EXTRACTED INFORMATION:

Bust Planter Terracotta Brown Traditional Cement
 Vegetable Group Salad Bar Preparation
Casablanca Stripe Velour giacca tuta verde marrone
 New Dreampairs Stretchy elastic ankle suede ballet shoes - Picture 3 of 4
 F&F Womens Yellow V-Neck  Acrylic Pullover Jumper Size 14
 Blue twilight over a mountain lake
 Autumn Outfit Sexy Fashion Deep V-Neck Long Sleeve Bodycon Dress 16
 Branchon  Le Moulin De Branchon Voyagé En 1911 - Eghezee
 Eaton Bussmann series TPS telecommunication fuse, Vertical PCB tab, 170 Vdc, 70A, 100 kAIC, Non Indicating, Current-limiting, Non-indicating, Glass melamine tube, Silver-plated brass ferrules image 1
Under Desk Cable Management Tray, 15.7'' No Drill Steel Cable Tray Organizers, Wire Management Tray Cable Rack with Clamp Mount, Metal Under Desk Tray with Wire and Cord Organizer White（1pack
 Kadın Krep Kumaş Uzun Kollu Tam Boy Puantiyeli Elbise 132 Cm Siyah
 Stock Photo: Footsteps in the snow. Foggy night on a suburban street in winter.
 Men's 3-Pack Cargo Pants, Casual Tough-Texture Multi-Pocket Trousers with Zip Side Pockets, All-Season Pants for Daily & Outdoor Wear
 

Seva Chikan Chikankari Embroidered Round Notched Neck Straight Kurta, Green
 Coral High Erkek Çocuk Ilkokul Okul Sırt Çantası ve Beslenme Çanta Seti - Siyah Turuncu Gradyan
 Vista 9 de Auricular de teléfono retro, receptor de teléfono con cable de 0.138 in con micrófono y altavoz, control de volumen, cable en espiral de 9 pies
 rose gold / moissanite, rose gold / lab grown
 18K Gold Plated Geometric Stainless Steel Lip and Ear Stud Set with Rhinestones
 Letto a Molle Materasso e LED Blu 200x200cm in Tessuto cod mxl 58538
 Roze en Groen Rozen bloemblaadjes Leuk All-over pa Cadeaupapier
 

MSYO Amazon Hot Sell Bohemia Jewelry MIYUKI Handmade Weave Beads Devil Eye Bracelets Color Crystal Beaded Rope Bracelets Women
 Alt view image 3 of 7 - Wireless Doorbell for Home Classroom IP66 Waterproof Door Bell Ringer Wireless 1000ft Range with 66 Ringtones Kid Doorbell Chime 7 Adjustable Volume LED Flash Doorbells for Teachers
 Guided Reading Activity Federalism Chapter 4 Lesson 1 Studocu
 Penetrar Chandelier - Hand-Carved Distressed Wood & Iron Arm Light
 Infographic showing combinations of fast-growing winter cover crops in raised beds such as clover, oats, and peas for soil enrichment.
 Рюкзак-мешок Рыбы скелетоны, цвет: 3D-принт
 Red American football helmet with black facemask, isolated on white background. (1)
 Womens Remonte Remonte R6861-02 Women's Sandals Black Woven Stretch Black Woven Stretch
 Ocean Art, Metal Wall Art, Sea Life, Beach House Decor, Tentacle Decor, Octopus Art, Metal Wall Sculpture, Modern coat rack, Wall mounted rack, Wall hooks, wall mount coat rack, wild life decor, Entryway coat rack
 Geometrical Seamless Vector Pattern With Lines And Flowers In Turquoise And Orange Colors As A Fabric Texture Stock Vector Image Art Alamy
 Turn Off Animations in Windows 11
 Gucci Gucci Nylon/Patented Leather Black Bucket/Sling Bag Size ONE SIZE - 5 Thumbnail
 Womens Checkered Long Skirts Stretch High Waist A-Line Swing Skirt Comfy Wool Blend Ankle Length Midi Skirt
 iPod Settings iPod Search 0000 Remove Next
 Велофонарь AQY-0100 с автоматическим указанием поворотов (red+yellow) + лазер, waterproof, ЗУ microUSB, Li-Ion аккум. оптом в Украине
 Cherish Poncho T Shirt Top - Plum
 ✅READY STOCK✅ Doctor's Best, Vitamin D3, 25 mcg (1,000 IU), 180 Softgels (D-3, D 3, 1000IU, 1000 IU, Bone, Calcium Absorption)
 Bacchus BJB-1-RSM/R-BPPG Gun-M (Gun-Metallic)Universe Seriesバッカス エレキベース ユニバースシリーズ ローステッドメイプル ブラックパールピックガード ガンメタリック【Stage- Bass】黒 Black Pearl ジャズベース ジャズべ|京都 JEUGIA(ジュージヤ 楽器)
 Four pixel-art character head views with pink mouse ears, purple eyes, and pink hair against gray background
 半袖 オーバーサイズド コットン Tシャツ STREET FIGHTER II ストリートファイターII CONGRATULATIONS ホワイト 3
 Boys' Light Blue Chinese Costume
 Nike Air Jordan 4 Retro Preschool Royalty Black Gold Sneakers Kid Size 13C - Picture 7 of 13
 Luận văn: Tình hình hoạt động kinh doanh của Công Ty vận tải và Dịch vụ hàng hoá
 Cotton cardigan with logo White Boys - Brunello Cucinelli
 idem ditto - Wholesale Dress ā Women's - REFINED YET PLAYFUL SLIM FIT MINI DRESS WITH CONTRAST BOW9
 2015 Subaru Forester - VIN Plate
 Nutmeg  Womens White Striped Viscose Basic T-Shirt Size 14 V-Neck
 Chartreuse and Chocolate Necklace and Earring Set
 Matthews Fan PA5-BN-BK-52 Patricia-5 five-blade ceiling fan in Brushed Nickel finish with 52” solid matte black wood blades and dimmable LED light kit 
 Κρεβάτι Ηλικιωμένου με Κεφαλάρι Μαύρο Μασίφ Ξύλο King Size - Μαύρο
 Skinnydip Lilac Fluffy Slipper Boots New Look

YOUR TASK:
Return all the data above, unaltered and complete.

SOLVED PROBLEM:
Bust Planter Terracotta Brown Traditional Cement
 Vegetable Group Salad Bar Preparation
Casablanca Stripe Velour giacca tuta verde marrone
 New Dreampairs Stretchy elastic ankle suede ballet shoes - Picture 3 of 4
 F&F Womens Yellow V-Neck  Acrylic Pullover Jumper Size 14
 Blue twilight over a mountain lake
 Autumn Outfit Sexy Fashion Deep V-Neck Long Sleeve Bodycon Dress 16
 Branchon  Le Moulin De Branchon Voyagé En 1911 - Eghezee
 Eaton Bussmann series TPS telecommunication fuse, Vertical PCB tab, 170 Vdc, 70A, 100 kAIC, Non Indicating, Current-limiting, Non-indicating, Glass melamine tube, Silver-plated brass ferrules image 1
Under Desk Cable Management Tray, 15.7'' No Drill Steel Cable Tray Organizers, Wire Management Tray Cable Rack with Clamp Mount, Metal Under Desk Tray with Wire and Cord Organizer White（1pack
 Kadın Krep Kumaş Uzun Kollu Tam Boy Puantiyeli Elbise 132 Cm Siyah
 Stock Photo: Footsteps in the snow. Foggy night on a suburban street in winter.
 Men's 3-Pack Cargo Pants, Casual Tough-Texture Multi-Pocket Trousers with Zip Side Pockets, All-Season Pants for Daily & Outdoor Wear
 

Seva Chikan Chikankari Embroidered Round Notched Neck Straight Kurta, Green
 Coral High Erkek Çocuk Ilkokul Okul Sırt Çantası ve Beslenme Çanta Seti - Siyah Turuncu Gradyan
 Vista 9 de Auricular de teléfono retro, receptor de teléfono con cable de 0.138 in con micrófono y altavoz, control de volumen, cable en espiral de 9 pies
 rose gold / moissanite, rose gold / lab grown
 18K Gold Plated Geometric Stainless Steel Lip and Ear Stud Set with Rhinestones
 Letto a Molle Materasso e LED Blu 200x200cm in Tessuto cod mxl 58538
 Roze en Groen Rozen bloemblaadjes Leuk All-over pa Cadeaupapier
 

MSYO Amazon Hot Sell Bohemia Jewelry MIYUKI Handmade Weave Beads Devil Eye Bracelets Color Crystal Beaded Rope Bracelets Women
 Alt view image 3 of 7 - Wireless Doorbell for Home Classroom IP66 Waterproof Door Bell Ringer Wireless 1000ft Range with 66 Ringtones Kid Doorbell Chime 7 Adjustable Volume LED Flash Doorbells for Teachers
 Guided Reading Activity Federalism Chapter 4 Lesson 1 Studocu
 Penetrar Chandelier - Hand-Carved Distressed Wood & Iron Arm Light
 Infographic showing combinations of fast-growing winter cover crops in raised beds such as clover, oats, and peas for soil enrichment.
 Рюкзак-мешок Рыбы скелетоны, цвет: 3D-принт
 Red American football helmet with black facemask, isolated on white background. (1)
 Womens Remonte Remonte R6861-02 Women's Sandals Black Woven Stretch Black Woven Stretch
 Ocean Art, Metal Wall Art, Sea Life, Beach House Decor, Tentacle Decor, Octopus Art, Metal Wall Sculpture, Modern coat rack, Wall mounted rack, Wall hooks, wall mount coat rack, wild life decor, Entryway coat rack
 Geometrical Seamless Vector Pattern With Lines And Flowers In Turquoise And Orange Colors As A Fabric Texture Stock Vector Image Art Alamy
 Turn Off Animations in Windows 11
 Gucci Gucci Nylon/Patented Leather Black Bucket/Sling Bag Size ONE SIZE - 5 Thumbnail
 Womens Checkered Long Skirts Stretch High Waist A-Line Swing Skirt Comfy Wool Blend Ankle Length Midi Skirt
 iPod Settings iPod Search 0000 Remove Next
 Велофонарь AQY-0100 с автоматическим указанием поворотов (red+yellow) + лазер, waterproof, ЗУ microUSB, Li-Ion аккум. оптом в Украине
 Cherish Poncho T Shirt Top - Plum
 ✅READY STOCK✅ Doctor's Best, Vitamin D3, 25 mcg (1,000 IU), 180 Softgels (D-3, D 3, 1000IU, 1000 IU, Bone, Calcium Absorption)
 Bacchus BJB-1-RSM/R-BPPG Gun-M (Gun-Metallic)Universe Seriesバッカス エレキベース ユニバースシリーズ ローステッドメイプル ブラックパールピックガード ガンメタリック【Stage- Bass】黒 Black Pearl ジャズベース ジャズべ|京都 JEUGIA(ジュージヤ 楽器)
 Four pixel-art character head views with pink mouse ears, purple eyes, and pink hair against gray background
 半袖 オーバーサイズド コットン Tシャツ STREET FIGHTER II ストリートファイターII CONGRATULATIONS ホワイト 3
 Boys' Light Blue Chinese Costume
 Nike Air Jordan 4 Retro Preschool Royalty Black Gold Sneakers Kid Size 13C - Picture 7 of 13
 Luận văn: Tình hình hoạt động kinh doanh của Công Ty vận tải và Dịch vụ hàng hoá
 Cotton cardigan with logo White Boys - Brunello Cucinelli
 idem ditto - Wholesale Dress ā Women's - REFINED YET PLAYFUL SLIM FIT MINI DRESS WITH CONTRAST BOW9
 2015 Subaru Forester - VIN Plate
 Nutmeg  Womens White Striped Viscose Basic T-Shirt Size 14 V-Neck
 Chartreuse and Chocolate Necklace and Earring Set
 Matthews Fan PA5-BN-BK-52 Patricia-5 five-blade ceiling fan in Brushed Nickel finish with 52” solid matte black wood blades and dimmable LED light kit 
 Κρεβάτι Ηλικιωμένου με Κεφαλάρι Μαύρο Μασίφ Ξύλο King Size - Μαύρο
 Skinnydip Lilac Fluffy Slipper Boots New Look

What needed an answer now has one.